George Russell and Lewis Hamilton qualified sixth and eighth respectively for Sunday’s race. Russell was 1.031% of pole position compared to 0.817% last weekend in Barcelona.
“We haven’t had porpoising returning, we have bottoming out,” said Wolff.
“We’re just hitting the ground in a very different way, the car is too stiff, too low. And it’s just the same gap like it was in qualifying in Barcelona.
“So it’s probably realistic where we ended up. The car is good for fifth and sixth and [Lando] Norris beat us to it. But we shouldn’t have expected any miracles, particularly here in Monaco.”
Hamilton reported after qualifying that he found the bouncing to be less of a problem today, but suggested it came at the expense of car pace.
When asked about this by The Race, he said “it felt like we improved the car in terms of bouncing, but we were slower”.
Hamilton particularly struggled with the ride yesterday, but according to Mercedes trackside engineering director Andrew Shovlin the ride has been one of the “big areas that we’ve been focused on” after Friday.
Wolff indicated that he does not believe its Monaco struggles indicate that Barcelona was a circuit-specific improvement, instead suggesting that this unique track created challenges that always meant it was likely to struggle here.
“You can say what are the lessons that we learned in Barcelona and how do they apply to Monaco and the answer is there’s just nothing because it’s so different,” said Wolff.

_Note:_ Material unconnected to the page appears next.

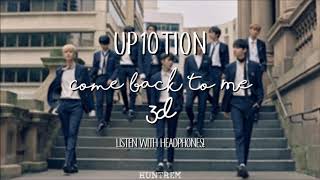 UP10TION - Come Back To Me (그대 내게 다시) [3D AUDIO]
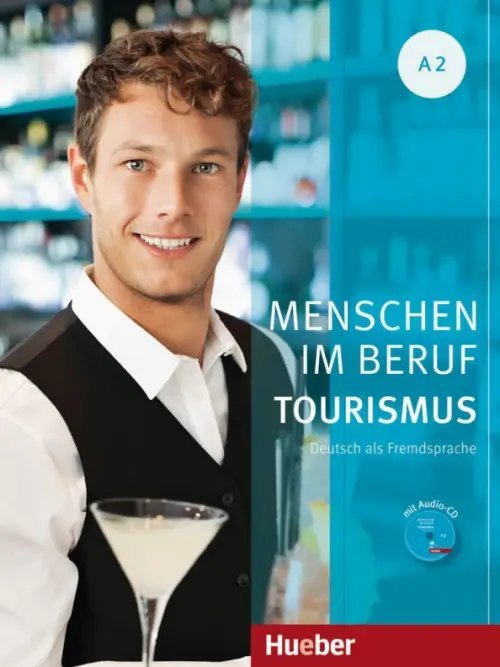 Menschen im Beruf Menschen im Beruf - Tourismus A2. Kursbuch mit Übungsteil und Audio-CD. Deutsch als Fremdsprache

“I don’t know whether this is now self-managing my expectations, but I would say that us being here where we are with George is probably realistic, or better than what I would have expected from Monaco.

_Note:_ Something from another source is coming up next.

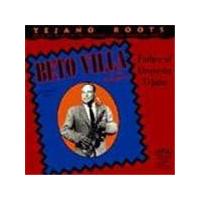 Beto Villa Y Su Orquesta - Father Of The Tejano Orquesta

“Even though we can’t be happy with such performance, it is where we are. It could have been worse, in my opinion.”
Russell echoed Wolff’s viewpoint, suggesting that the team did get the best out of the car in qualifying.
He pointed to the car’s strengths in terms of straightline speed and faster corners in Barcelona as not applying in Monaco.
“The ride of the car has been our biggest limitation all weekend and while P6 is not a result to be celebrating, I think we pretty much maximised it out there with the package we have,” said Russell.
“The team has worked incredibly hard to give us the most compliant set-up possible, but we saw in Barcelona that our strengths were speed on the straights and the high-speed corners – and there’s none of either in Monaco.
“So looking at it objectively, there’s no reason we should be any higher up today.
Mercedes s hoping to be stronger on race pace, as was the case in Barcelona.
There, it was well off the pace of Ferrari and Red Bull in qualifying, but much stronger in race conditions – although given the difficult of overtaking in Monaco that could be of limited use on Sunday.